══ DATASET ENTRIES ══
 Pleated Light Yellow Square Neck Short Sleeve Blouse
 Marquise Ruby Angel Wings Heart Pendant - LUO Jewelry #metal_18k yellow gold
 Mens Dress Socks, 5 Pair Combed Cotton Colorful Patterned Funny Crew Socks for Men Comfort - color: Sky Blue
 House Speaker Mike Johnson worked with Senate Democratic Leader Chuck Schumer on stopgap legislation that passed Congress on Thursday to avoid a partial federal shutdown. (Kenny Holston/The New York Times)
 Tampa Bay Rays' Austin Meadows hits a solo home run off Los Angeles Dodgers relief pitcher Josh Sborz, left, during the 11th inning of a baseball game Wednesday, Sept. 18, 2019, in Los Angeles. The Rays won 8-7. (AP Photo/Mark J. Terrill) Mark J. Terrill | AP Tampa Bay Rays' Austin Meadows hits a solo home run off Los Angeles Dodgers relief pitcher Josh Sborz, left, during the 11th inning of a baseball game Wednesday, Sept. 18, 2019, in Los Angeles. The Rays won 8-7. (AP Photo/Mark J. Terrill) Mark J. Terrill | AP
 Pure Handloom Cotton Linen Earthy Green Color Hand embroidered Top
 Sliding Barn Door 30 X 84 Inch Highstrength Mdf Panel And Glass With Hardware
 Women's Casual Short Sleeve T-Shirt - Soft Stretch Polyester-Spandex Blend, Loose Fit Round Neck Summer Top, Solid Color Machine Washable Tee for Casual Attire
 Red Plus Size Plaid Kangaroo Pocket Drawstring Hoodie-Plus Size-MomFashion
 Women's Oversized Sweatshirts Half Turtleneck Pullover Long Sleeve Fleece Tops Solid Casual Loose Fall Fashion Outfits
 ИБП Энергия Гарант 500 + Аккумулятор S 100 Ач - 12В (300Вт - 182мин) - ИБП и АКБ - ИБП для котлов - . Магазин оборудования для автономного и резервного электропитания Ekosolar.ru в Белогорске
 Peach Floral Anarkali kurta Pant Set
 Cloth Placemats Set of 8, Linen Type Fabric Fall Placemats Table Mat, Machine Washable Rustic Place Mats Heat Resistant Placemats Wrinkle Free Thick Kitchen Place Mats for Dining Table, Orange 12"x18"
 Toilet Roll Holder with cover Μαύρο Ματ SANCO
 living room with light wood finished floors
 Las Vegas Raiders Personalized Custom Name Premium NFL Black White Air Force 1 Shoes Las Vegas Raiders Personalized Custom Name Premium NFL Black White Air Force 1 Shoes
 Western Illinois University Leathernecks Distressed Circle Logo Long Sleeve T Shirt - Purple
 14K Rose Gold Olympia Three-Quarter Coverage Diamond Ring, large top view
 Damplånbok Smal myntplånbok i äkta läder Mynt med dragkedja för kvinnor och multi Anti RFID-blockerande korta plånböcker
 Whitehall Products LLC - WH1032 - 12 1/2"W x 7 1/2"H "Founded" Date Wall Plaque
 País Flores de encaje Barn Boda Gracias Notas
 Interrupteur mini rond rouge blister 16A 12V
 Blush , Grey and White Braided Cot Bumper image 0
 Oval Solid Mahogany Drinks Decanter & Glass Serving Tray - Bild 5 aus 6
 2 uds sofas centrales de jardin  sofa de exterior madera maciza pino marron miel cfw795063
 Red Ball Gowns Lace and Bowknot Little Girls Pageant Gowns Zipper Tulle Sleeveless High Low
═══
◆ **ASSIGNMENT**: Would you write out each entry precisely as it is given?

◆ **TASK ANSWER**:
 Pleated Light Yellow Square Neck Short Sleeve Blouse
 Marquise Ruby Angel Wings Heart Pendant - LUO Jewelry #metal_18k yellow gold
 Mens Dress Socks, 5 Pair Combed Cotton Colorful Patterned Funny Crew Socks for Men Comfort - color: Sky Blue
 House Speaker Mike Johnson worked with Senate Democratic Leader Chuck Schumer on stopgap legislation that passed Congress on Thursday to avoid a partial federal shutdown. (Kenny Holston/The New York Times)
 Tampa Bay Rays' Austin Meadows hits a solo home run off Los Angeles Dodgers relief pitcher Josh Sborz, left, during the 11th inning of a baseball game Wednesday, Sept. 18, 2019, in Los Angeles. The Rays won 8-7. (AP Photo/Mark J. Terrill) Mark J. Terrill | AP Tampa Bay Rays' Austin Meadows hits a solo home run off Los Angeles Dodgers relief pitcher Josh Sborz, left, during the 11th inning of a baseball game Wednesday, Sept. 18, 2019, in Los Angeles. The Rays won 8-7. (AP Photo/Mark J. Terrill) Mark J. Terrill | AP
 Pure Handloom Cotton Linen Earthy Green Color Hand embroidered Top
 Sliding Barn Door 30 X 84 Inch Highstrength Mdf Panel And Glass With Hardware
 Women's Casual Short Sleeve T-Shirt - Soft Stretch Polyester-Spandex Blend, Loose Fit Round Neck Summer Top, Solid Color Machine Washable Tee for Casual Attire
 Red Plus Size Plaid Kangaroo Pocket Drawstring Hoodie-Plus Size-MomFashion
 Women's Oversized Sweatshirts Half Turtleneck Pullover Long Sleeve Fleece Tops Solid Casual Loose Fall Fashion Outfits
 ИБП Энергия Гарант 500 + Аккумулятор S 100 Ач - 12В (300Вт - 182мин) - ИБП и АКБ - ИБП для котлов - . Магазин оборудования для автономного и резервного электропитания Ekosolar.ru в Белогорске
 Peach Floral Anarkali kurta Pant Set
 Cloth Placemats Set of 8, Linen Type Fabric Fall Placemats Table Mat, Machine Washable Rustic Place Mats Heat Resistant Placemats Wrinkle Free Thick Kitchen Place Mats for Dining Table, Orange 12"x18"
 Toilet Roll Holder with cover Μαύρο Ματ SANCO
 living room with light wood finished floors
 Las Vegas Raiders Personalized Custom Name Premium NFL Black White Air Force 1 Shoes Las Vegas Raiders Personalized Custom Name Premium NFL Black White Air Force 1 Shoes
 Western Illinois University Leathernecks Distressed Circle Logo Long Sleeve T Shirt - Purple
 14K Rose Gold Olympia Three-Quarter Coverage Diamond Ring, large top view
 Damplånbok Smal myntplånbok i äkta läder Mynt med dragkedja för kvinnor och multi Anti RFID-blockerande korta plånböcker
 Whitehall Products LLC - WH1032 - 12 1/2"W x 7 1/2"H "Founded" Date Wall Plaque
 País Flores de encaje Barn Boda Gracias Notas
 Interrupteur mini rond rouge blister 16A 12V
 Blush , Grey and White Braided Cot Bumper image 0
 Oval Solid Mahogany Drinks Decanter & Glass Serving Tray - Bild 5 aus 6
 2 uds sofas centrales de jardin  sofa de exterior madera maciza pino marron miel cfw795063
 Red Ball Gowns Lace and Bowknot Little Girls Pageant Gowns Zipper Tulle Sleeveless High Low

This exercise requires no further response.